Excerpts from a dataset
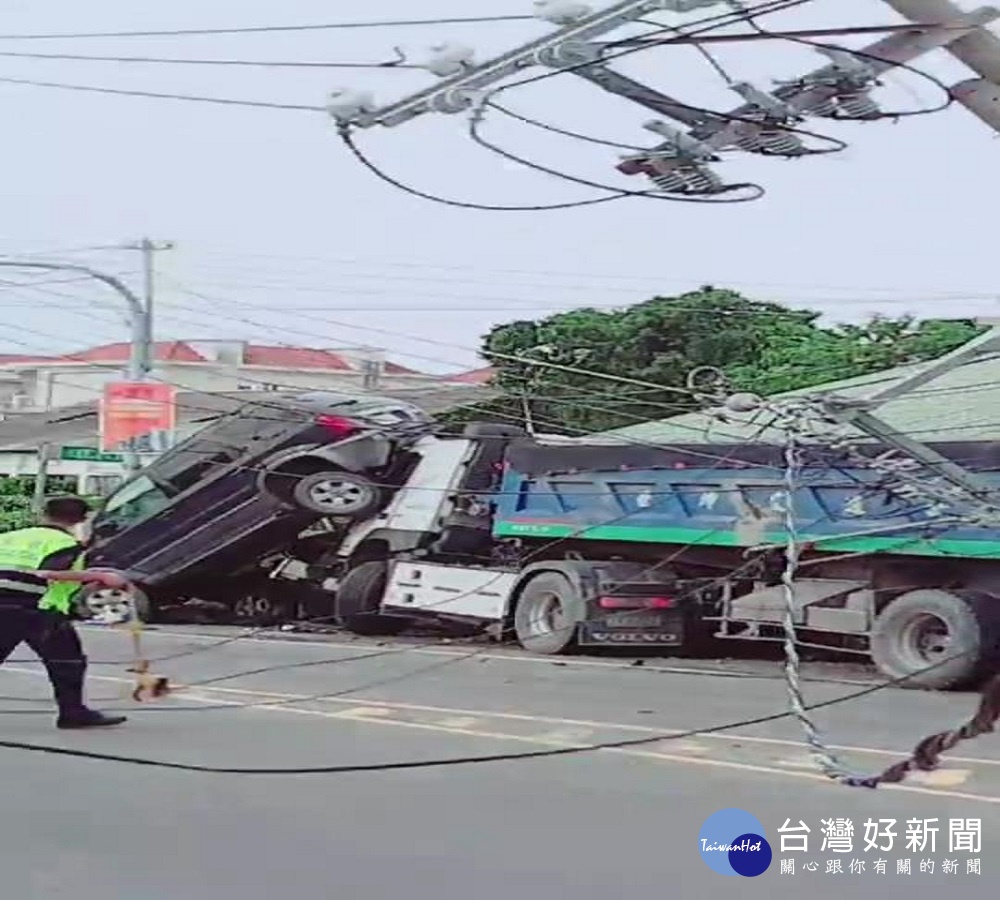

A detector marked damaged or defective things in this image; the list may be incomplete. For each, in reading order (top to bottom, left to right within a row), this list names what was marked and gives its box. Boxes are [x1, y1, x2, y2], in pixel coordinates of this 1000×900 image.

crushed suv [80, 390, 432, 624]
damaged vehicle [79, 390, 434, 624]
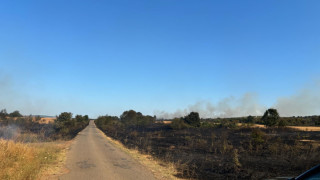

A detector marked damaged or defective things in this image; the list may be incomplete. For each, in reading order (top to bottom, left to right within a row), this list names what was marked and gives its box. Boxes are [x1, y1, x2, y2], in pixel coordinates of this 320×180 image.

dark burnt strip along road [59, 120, 156, 180]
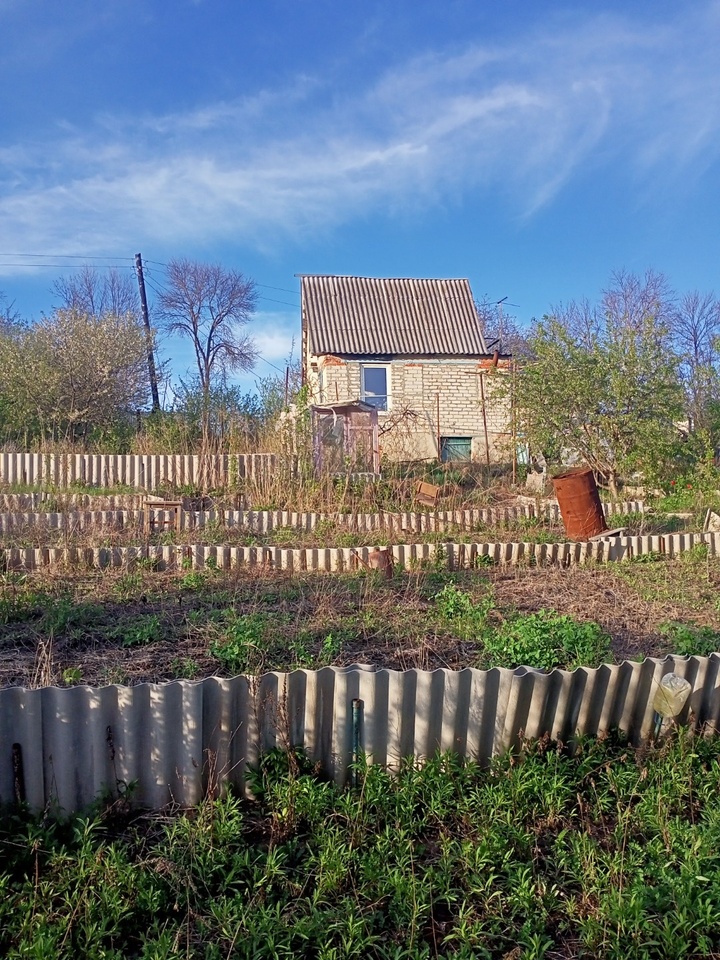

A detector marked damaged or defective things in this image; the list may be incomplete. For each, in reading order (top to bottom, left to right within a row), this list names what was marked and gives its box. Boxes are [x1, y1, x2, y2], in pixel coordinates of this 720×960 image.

rusty metal barrel [552, 464, 608, 540]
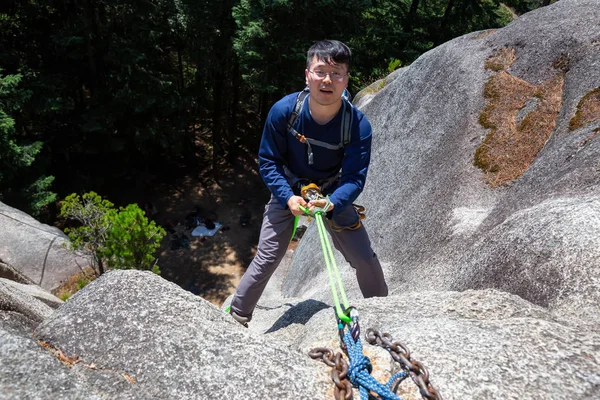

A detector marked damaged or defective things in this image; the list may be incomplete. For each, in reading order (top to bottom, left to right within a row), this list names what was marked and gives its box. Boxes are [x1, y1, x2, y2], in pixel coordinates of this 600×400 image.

rusty chain [364, 328, 442, 400]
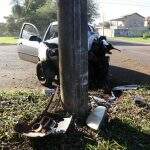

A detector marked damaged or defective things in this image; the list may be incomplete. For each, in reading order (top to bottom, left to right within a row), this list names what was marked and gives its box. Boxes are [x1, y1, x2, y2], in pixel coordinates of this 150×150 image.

broken car part [86, 105, 107, 130]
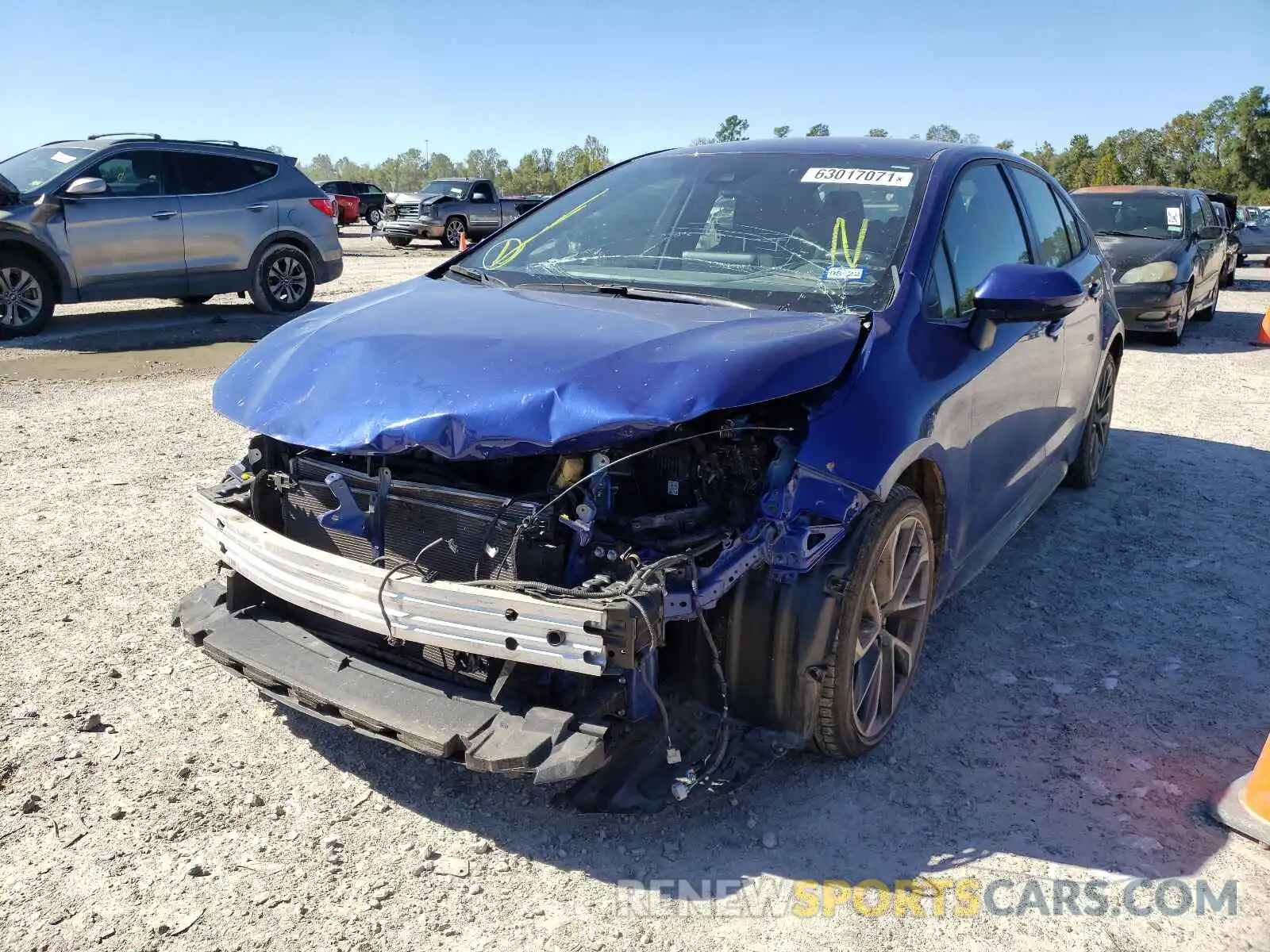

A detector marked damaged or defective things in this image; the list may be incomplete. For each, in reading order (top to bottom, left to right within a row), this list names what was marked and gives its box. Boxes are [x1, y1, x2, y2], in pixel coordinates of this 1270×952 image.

shattered windshield [0, 145, 95, 194]
shattered windshield [451, 150, 927, 313]
crumpled hood [1099, 235, 1194, 279]
crumpled hood [213, 278, 864, 460]
damaged blue toyota corolla [176, 140, 1124, 809]
crushed front bumper [175, 581, 610, 781]
damaged headlight area [179, 405, 876, 806]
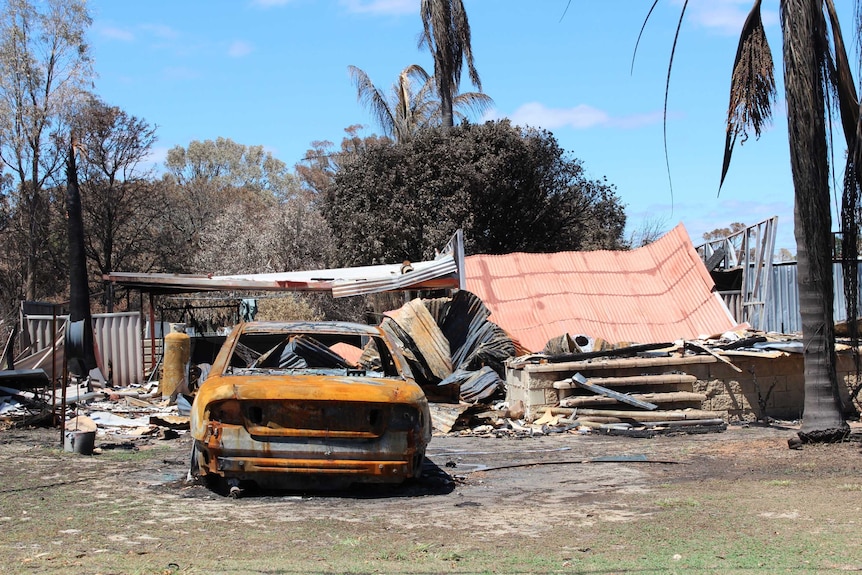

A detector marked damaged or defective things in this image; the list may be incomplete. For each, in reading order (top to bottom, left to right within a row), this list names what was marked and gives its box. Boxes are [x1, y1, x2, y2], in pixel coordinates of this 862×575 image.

How to complete this task | Leave out the pictures and return, exactly as written, only the lines from the line with "this 1270×952 image." through the end of the records above.

Answer for the task |
A detector marked damaged or defective things in this image; the list may be incomplete. For each, in reading order (top to bottom, left to right within a row), this list names what was marked and gives its box. Boxes are [x1, y1, x2, y2], in pixel coordinates of this 1270×952 image.

shattered windshield [0, 145, 95, 194]
shattered windshield [451, 150, 927, 313]
crumpled hood [1099, 235, 1194, 279]
crumpled hood [213, 278, 864, 460]
damaged blue toyota corolla [176, 140, 1124, 809]
crushed front bumper [175, 581, 610, 781]
damaged headlight area [179, 405, 876, 806]

A detector marked damaged or defective things in this image; the list may be incomplete. For each, in reading order (top to bottom, left to right within a row), this list names what was marked and gives its box. Boxes are [x1, y1, x2, y2], in pixel coordinates of this 862×575 image.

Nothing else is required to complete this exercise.